X[(csum[1]+1):csum[4]] ## == (5, 5, 5, 6, 6, 7)

and sliding forward we get values 6, 7, and 9 with:

X[(csum[2]+1):csum[5]] ## == (6, 6, 7, 9, 9)

Now we have a means to slide over a dataset of something like dates, where the range of dates remains constant--for example seven days--but the number of cases within the sliding range could vary.

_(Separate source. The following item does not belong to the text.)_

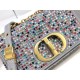 Spring/Summer Limited Collection 2024SS Shoulder Bag DIOR Dior Spring/Summer Limited Collection 2024SS Shoulder Bag DIOR Dior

csum's first element is zero and each succeeding element is the total count of cases with values equal to or lesser than that element's run value.  Because we need to add zero to the beginning, csum is one longer than the number of run values and the zero does not associate with any run value.  The starting value of the integer vector for a window over a run of values is the cumulative sum of the preceding counts of the runs of values plus one; and that's why we add one to the starting value from the cumulative sum.  For example, the starting value for a window going over 6, 7, and 9 is going to be the index of the last case of the previous run value--5--plus one.  There are three 5s and they are the first three elements in all the runs, so the index of their last case is three.  Add one for four and that's the index of the first element of the next group--the 6s:

(csum[2]+1):csum[5] ## == 4:8 == (4, 5, 6, 7, 8)
X[4:8] ## == (6, 6, 7, 9, 9)

Putting this all together, what we need is a list of the integer vectors that reference the cases in each iteration of the sliding window, and we might even want the window to move forward in step sizes larger than one.  Here's an easy to use function:

slide <- function(X, width, a=1, step.size=1) {
  ## X must be sorted
  rle.X <- rle(X)
  cum.rle <- c(0, cumsum(rle.X$ lengths))
  if (length(cum.rle) < 2) return(NA)
  A <- seq(a, length(cum.rle)-width, step.size)
  Z <- seq(width+a, length(cum.rle), step.size)
  slides <- mapply(function(a, z) (cum.rle[a]+1):cum.rle[z], A, Z)
  names(slides) <- rle.X$ values[A]
  return(slides)
}

slide returns a list of integer vectors for referencing each iteration of a sliding window that you can use with lapplysapply, or similar functions:

mydframe <- data.frame(x=sample(1:10, 100, replace=TRUE), y=rnorm(100))
mydframe <- mydframe[order(mydframe$ x), ]
myslides <- slide(mydframe$ x, 3)
do.stuff.to <- function(x) x
myresults <- lapply(myslides, function(N) do.stuff.to(mydframe[N, ]))

Viola!  That's it!  Just write your own do.stuff.to function.